Ex-Libris
  • タイトル:マネー・ボール〔完全版〕
  • 著者:マイケル・ルイス (著), 中山宥 (翻訳)
  • 出版社:早川書房
  • 形態・レーベル:ハヤカワノンフィクション文庫
  • 価格:¥987+税
  • 発売日:2013/04/10

読了。

「ビッグデータ」がバズワードとして流行して、統計が実は非常に強力な武器だと皆が気付き始めたこの時代。旧態依然として勘に頼り切った米メジャーリーグを舞台に異端児の快進撃を描いた必読…とか適当に宣伝を並べることも考えたが、実際にはちょっと切り口は違う。
全体としてはアスレチックスの「ビズ」の仕切りを中心に、ゼネラルマネージャーのビリー・ビーンの過去が少し、野球界のデータの扱いなどを絡めて進む。
もっとも、野球界のあまりの石頭に著者が失望したと言い切るだけあって、アスレチックス以外の話は出てこない。メジャーリーグ全体を俯瞰したければ別の本を当たるべきだろう。
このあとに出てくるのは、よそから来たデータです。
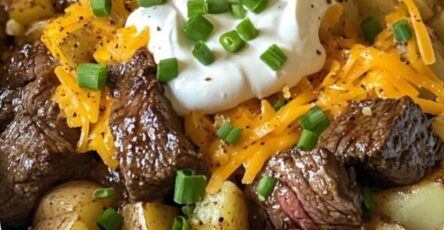 Crockpot Loaded Steak and Potato Bake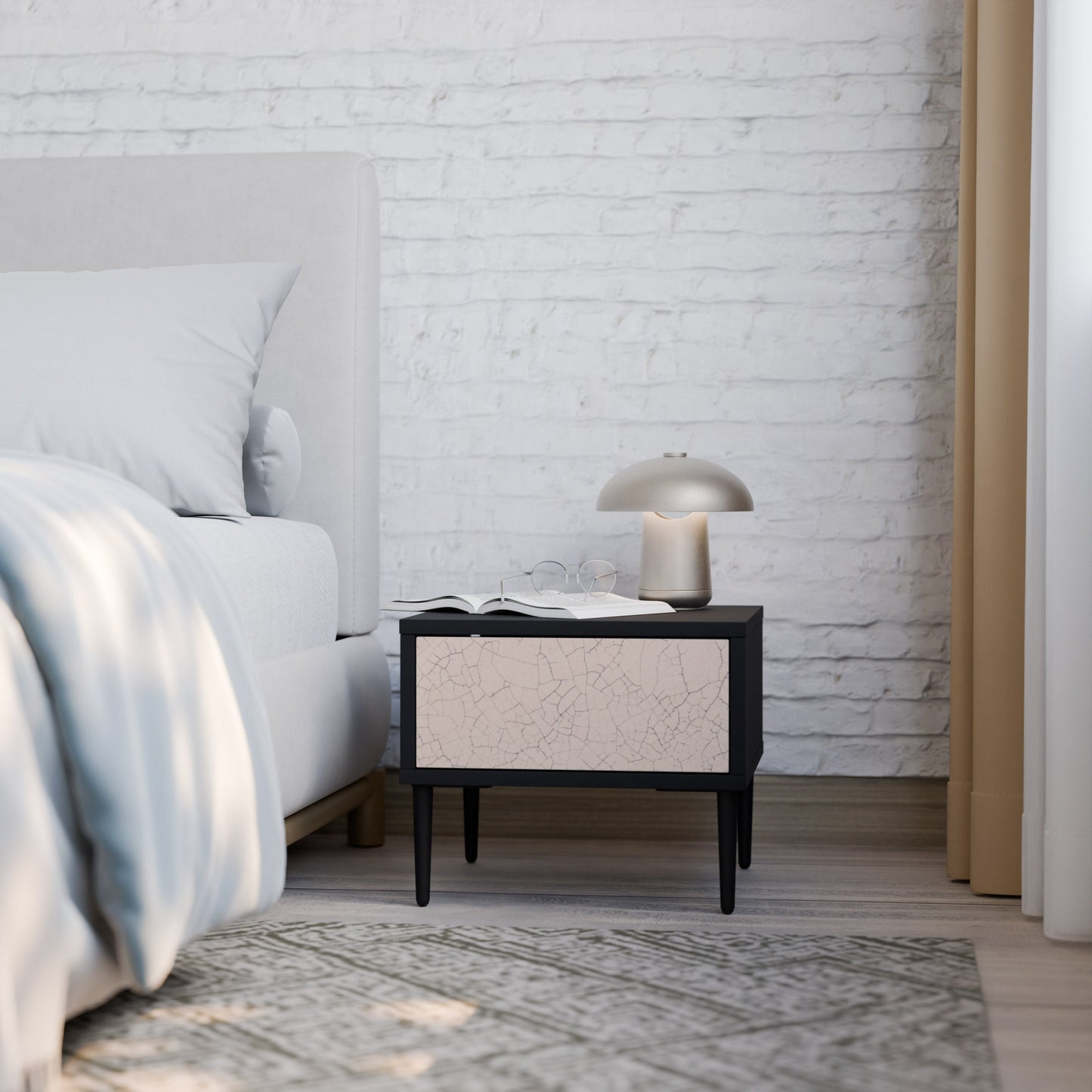 CERAMIC TEXTURE Nightstand in Black Finish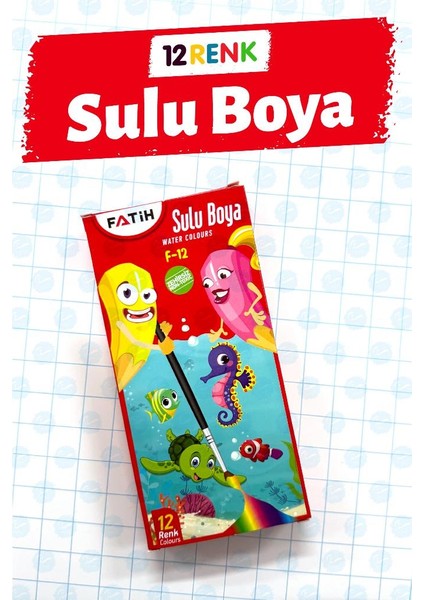 Okul Boyama Seti 4'lü Set - 12'li Sulu Boya 12'li Kuru Boya 12'li Pastel Boya 12'li Keçeli KALEM-T1406 indirimleri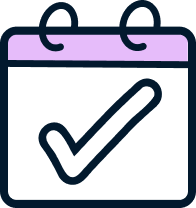 Calendar icon with a checkmark
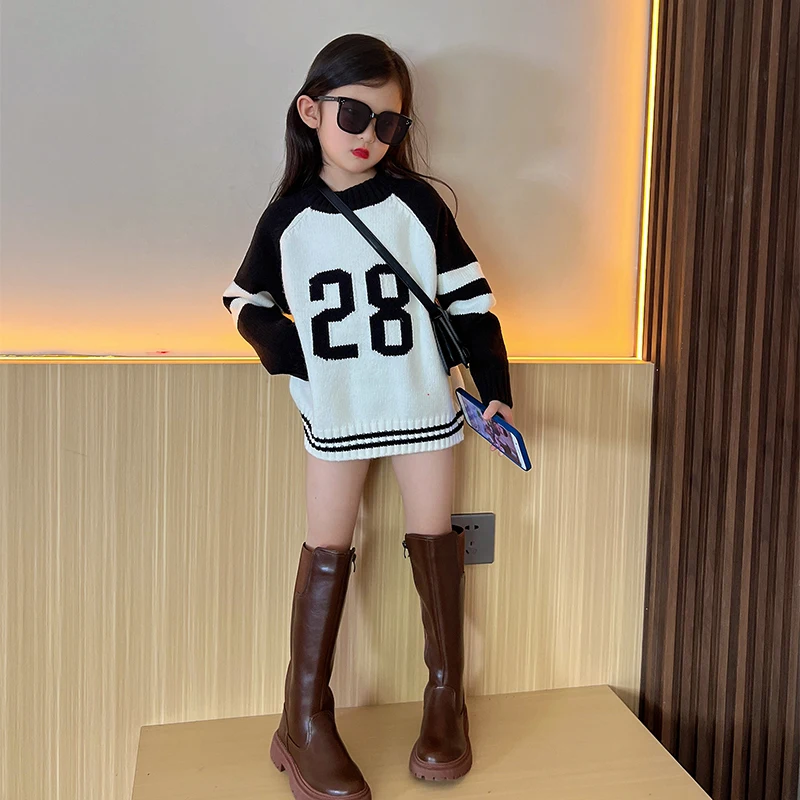 

Spring Autumn Girls Sweater Baby Knitwear Kids Knitted Tops Children Pullover Clothes Ins Striped Rib Knit Ripped 4-13Y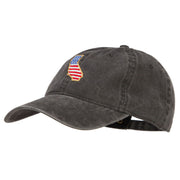 USA Flag California Map Embroidered Washed Buckle Cap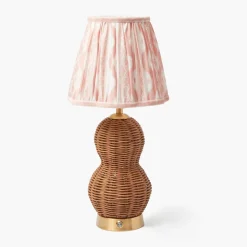 Rattan Bardot Rechargeable Lamp with Pink Ikat Shade (18cm)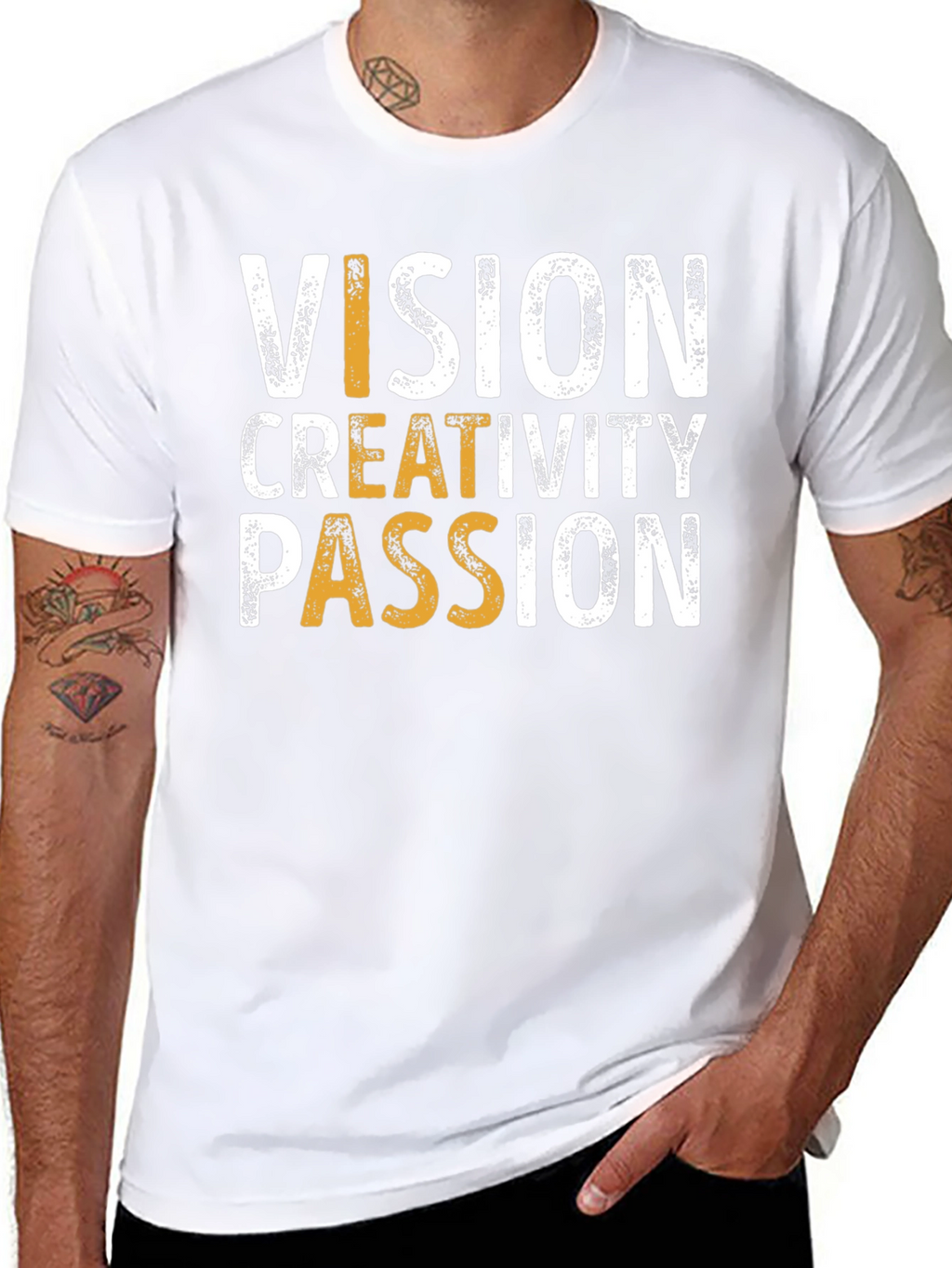 Vision Creativity Passion T-Shirt - Black Graphic Tee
確かにそれまでデータを読もうとせず、のみならず結果を示してすら受け入れを拒む理解しがたい頑迷な世界ではある。そこでしたたかに立ち回る面白さは本題ではある。
だが、統計学を武器にした勝利劇と言うよりは、過去の挫折を抱えた「傷物」達の生き方という行間がまた味わい深い。